Exercise directions:
Below are some records. Write out the lines from the one containing "Kaitlin, Alexine and" to the last line, word for word, leaving out pictures.

--------------------------------------------------

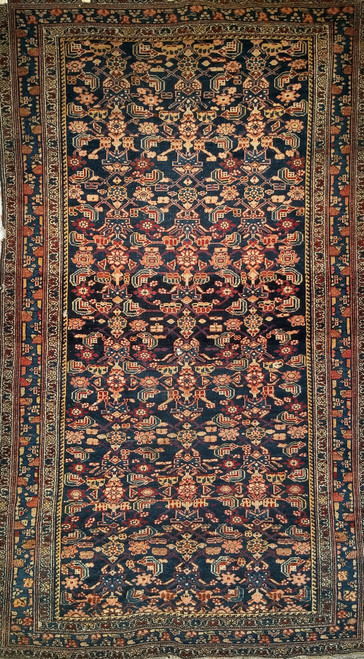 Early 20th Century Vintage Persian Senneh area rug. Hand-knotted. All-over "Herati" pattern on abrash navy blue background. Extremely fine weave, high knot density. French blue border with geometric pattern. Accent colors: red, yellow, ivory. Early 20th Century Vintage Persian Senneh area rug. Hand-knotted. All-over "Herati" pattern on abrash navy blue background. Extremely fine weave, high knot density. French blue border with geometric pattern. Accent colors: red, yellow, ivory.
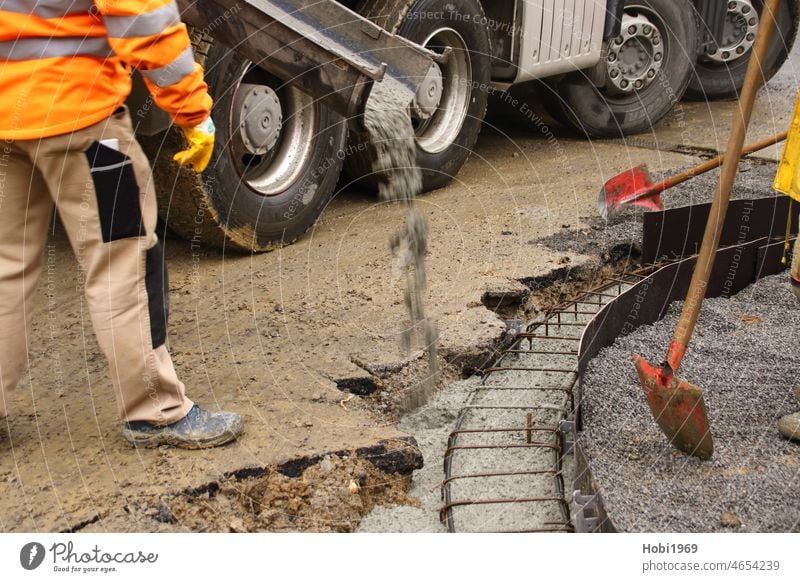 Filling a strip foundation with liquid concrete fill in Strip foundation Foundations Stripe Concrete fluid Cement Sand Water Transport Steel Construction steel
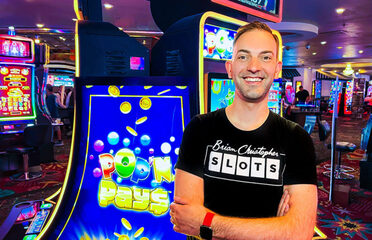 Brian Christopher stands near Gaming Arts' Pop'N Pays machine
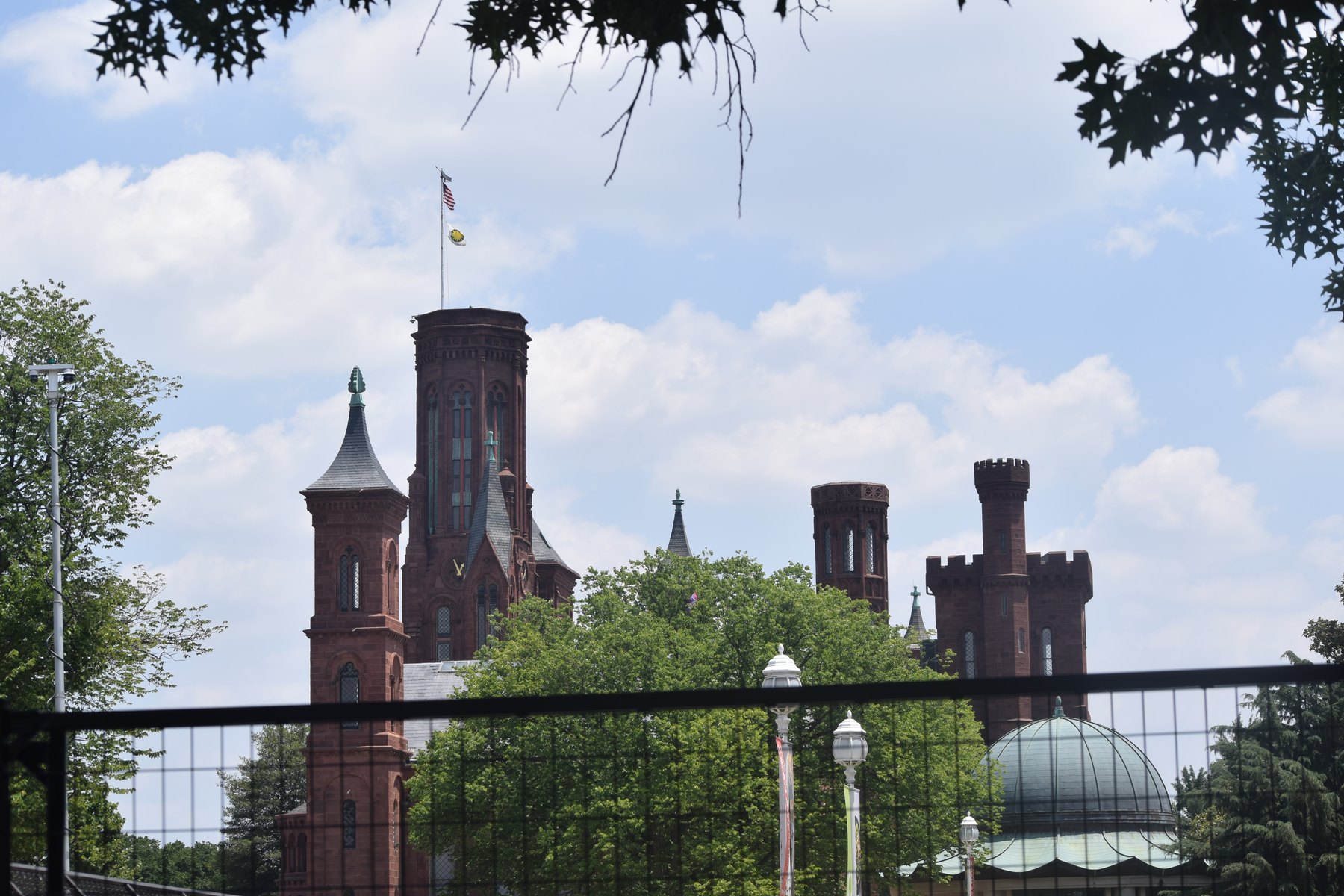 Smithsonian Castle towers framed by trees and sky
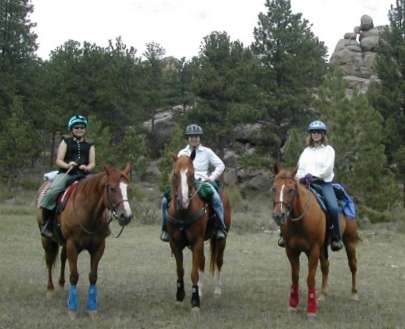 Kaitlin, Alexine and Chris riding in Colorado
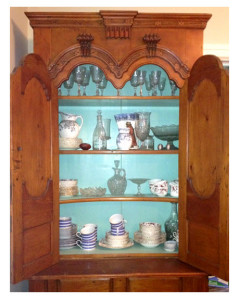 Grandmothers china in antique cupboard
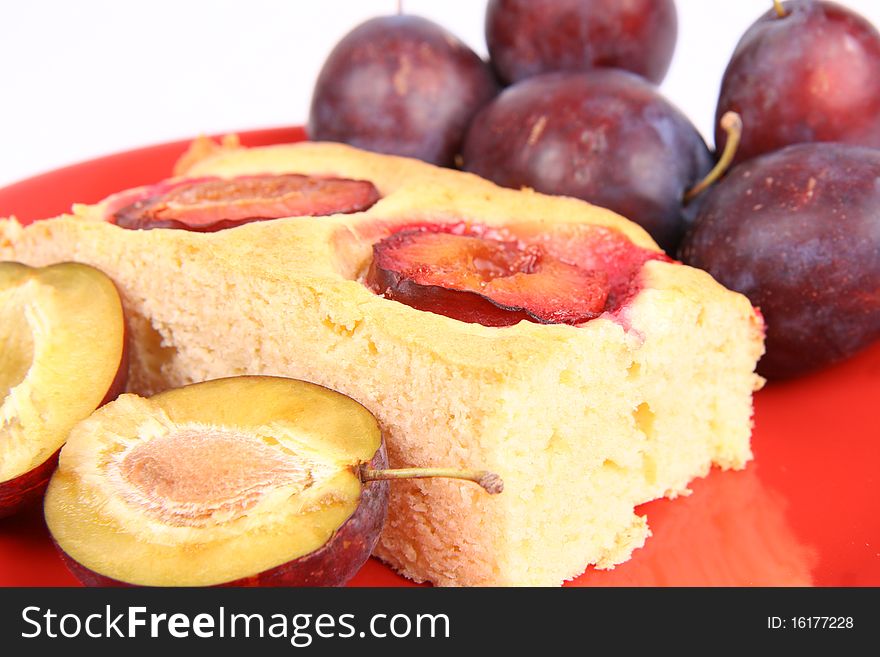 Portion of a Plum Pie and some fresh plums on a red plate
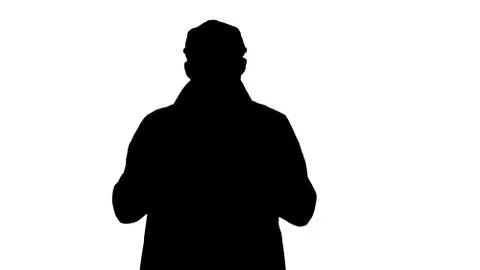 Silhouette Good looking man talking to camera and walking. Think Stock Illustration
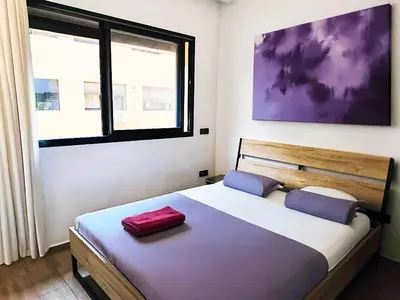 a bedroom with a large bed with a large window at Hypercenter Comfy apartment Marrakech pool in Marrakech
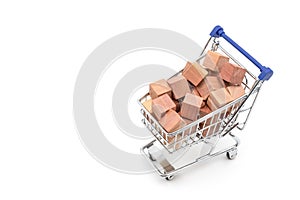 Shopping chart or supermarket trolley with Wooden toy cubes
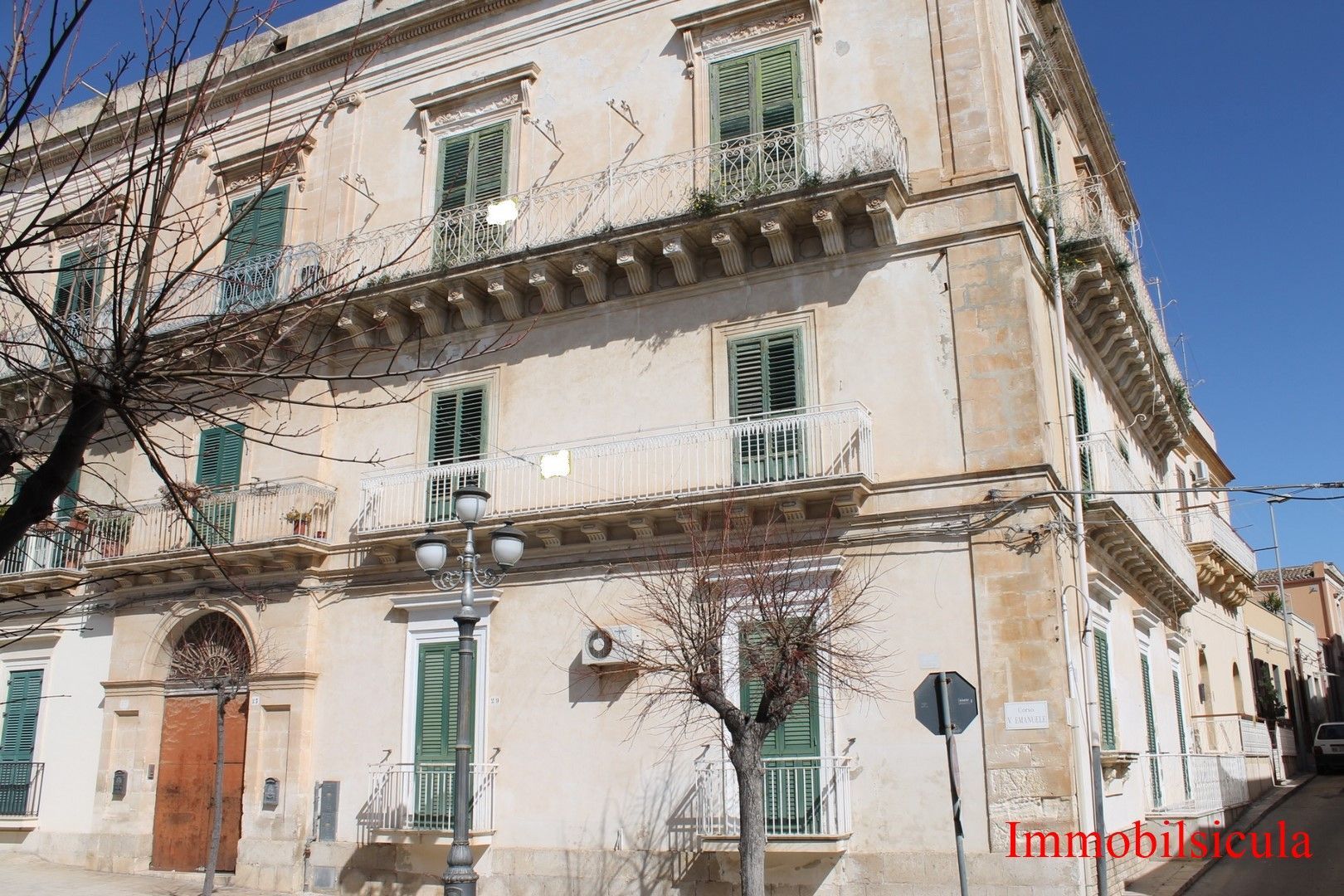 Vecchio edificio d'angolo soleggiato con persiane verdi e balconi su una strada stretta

--------------------------------------------------

Response:
 Kaitlin, Alexine and Chris riding in Colorado
 Grandmothers china in antique cupboard
 Portion of a Plum Pie and some fresh plums on a red plate
 Silhouette Good looking man talking to camera and walking. Think Stock Illustration
 a bedroom with a large bed with a large window at Hypercenter Comfy apartment Marrakech pool in Marrakech
 Shopping chart or supermarket trolley with Wooden toy cubes
 Vecchio edificio d'angolo soleggiato con persiane verdi e balconi su una strada stretta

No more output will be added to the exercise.